Task data =
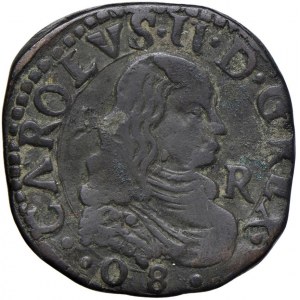 NAPLES Charles II (1665-1680) Wheat 1680 (08) AC/A - Magl...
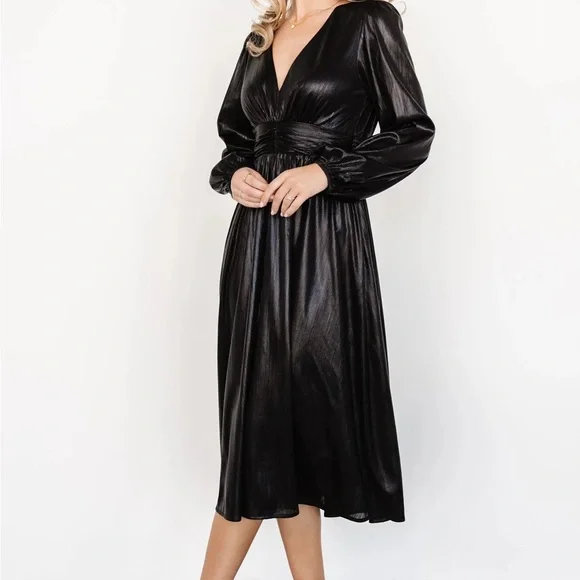 Baltic Born Aisha shimmering Black Long Sleeve Dress - Picture 3 of 3
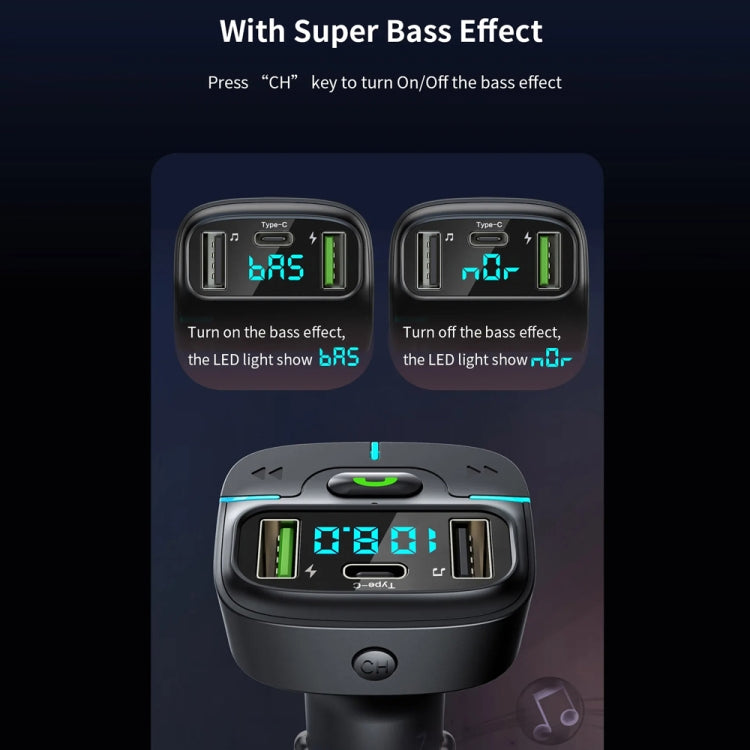 Car Bluetooth MP3 Player Ambient Light Charger(Black) by buy2fix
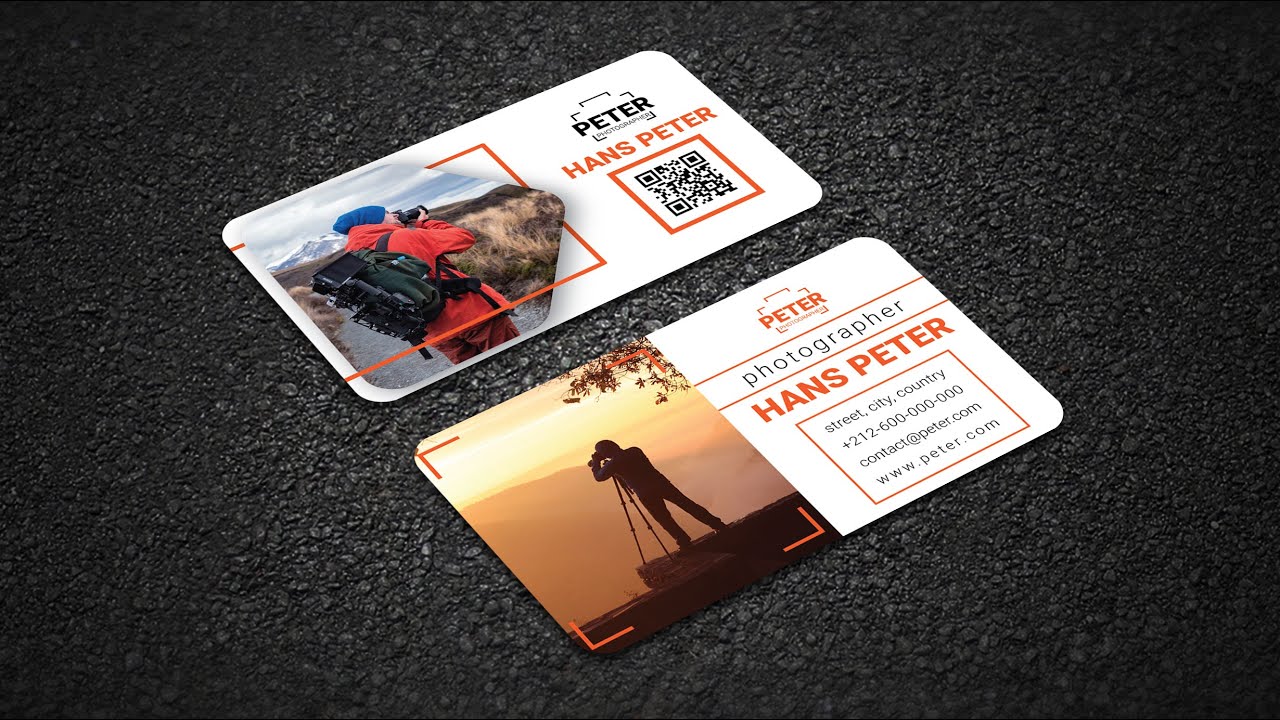 photographer visiting card design using | adobe illustrator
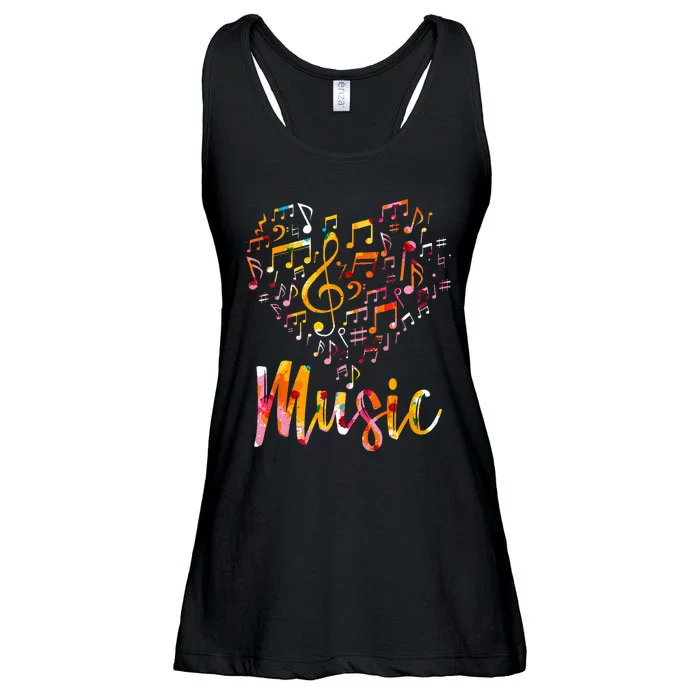 Musician Gift Musical Instrument Music Notes Treble Clef Ladies Essential Flowy Tank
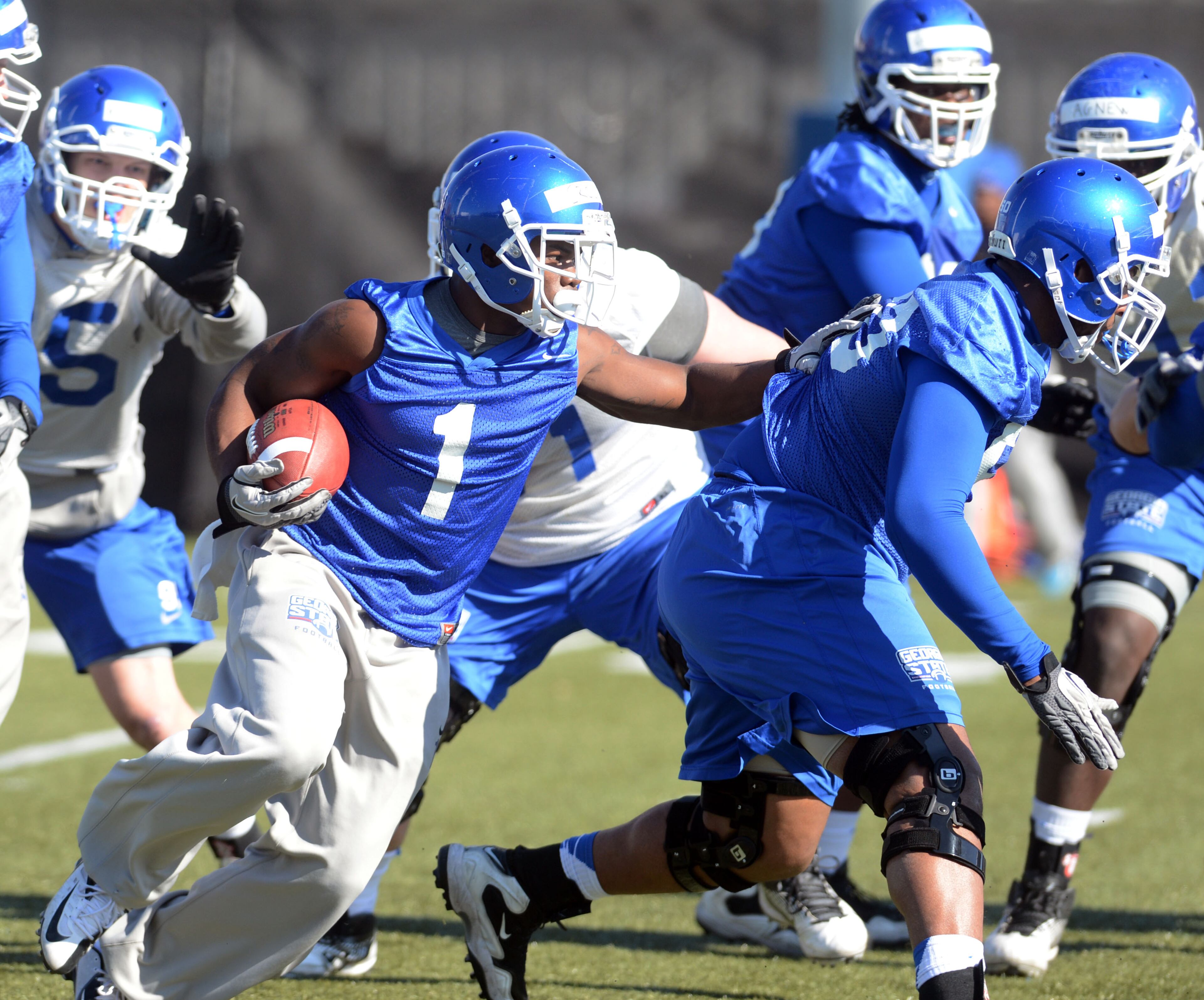 CB Nate Anthony runs with the ball during Weds practice. Georgia State opened its first spring practice under new head coach Trent Miles at the GSU Practice Complex in downtown Atlanta Wednesday, March 27, 2013.
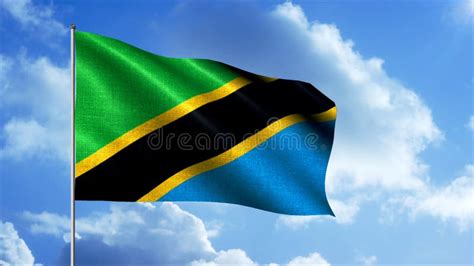 Abstract Realistic Flag Of Tanzania With Waving Fabric Against A Cloudy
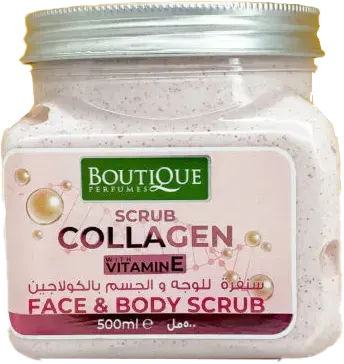مقشر للوجه والجسم بوتيك بيرفيومز بالكولاجين و فيتامين اي، 500 مل .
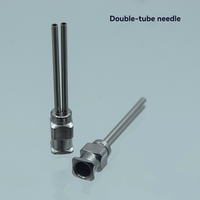 Aiguille de distribution en acier inoxydable à double tube de 1 pouce Buse à aiguille en métal de 25mm à double tête avec accessoires de machines-outils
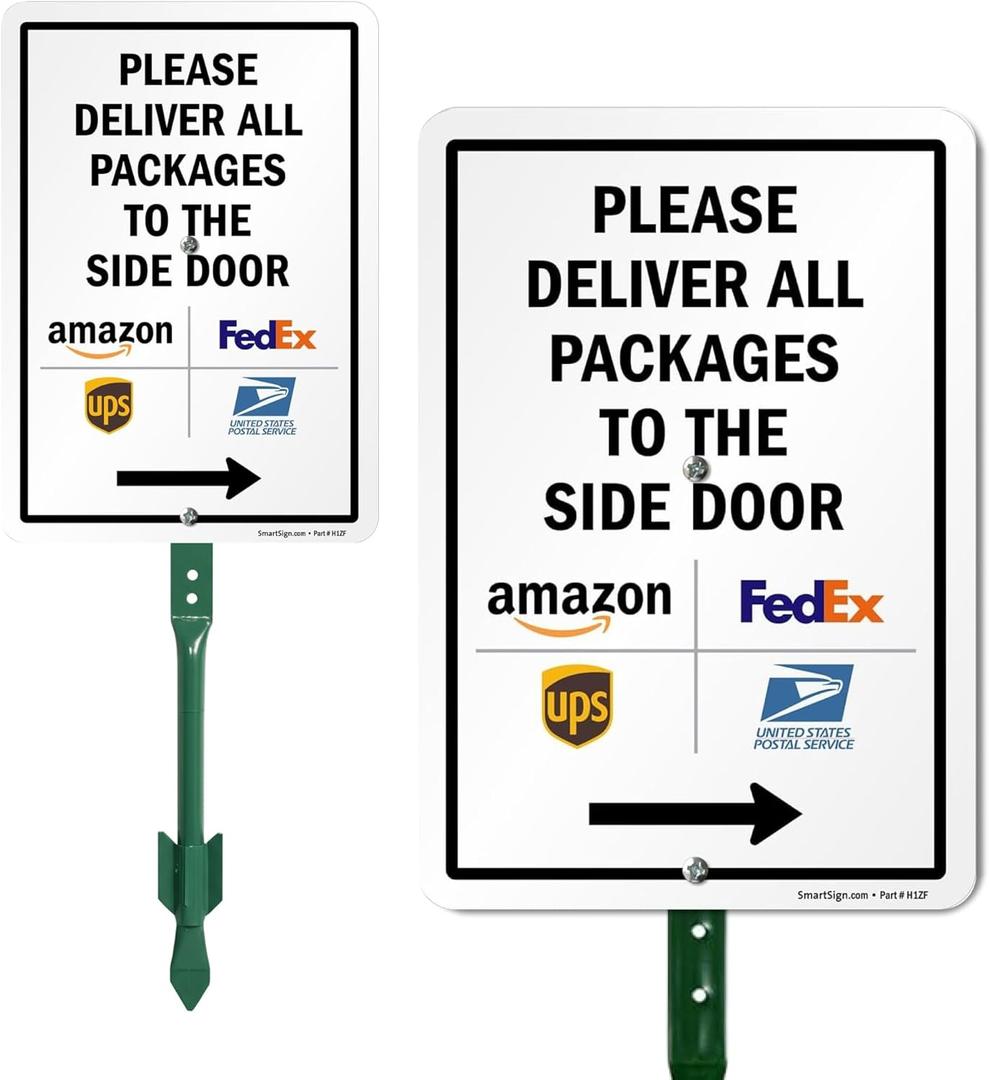 SmartSign Please Deliver All Packages to The Side Door Right Arrow Yard Sign, 10 x 7 inch, 40 mil Laminated Rustproof Aluminum, 21.5 inch Tall Sign & Stake Kit, Multicolor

Your task = Exactly the lines from the one containing "مقشر للوجه والجسم" to the final line of the entries are wanted; please write them out, both ends included, but not the pictures.

Task result =
مقشر للوجه والجسم بوتيك بيرفيومز بالكولاجين و فيتامين اي، 500 مل .
 Aiguille de distribution en acier inoxydable à double tube de 1 pouce Buse à aiguille en métal de 25mm à double tête avec accessoires de machines-outils
 SmartSign Please Deliver All Packages to The Side Door Right Arrow Yard Sign, 10 x 7 inch, 40 mil Laminated Rustproof Aluminum, 21.5 inch Tall Sign & Stake Kit, Multicolor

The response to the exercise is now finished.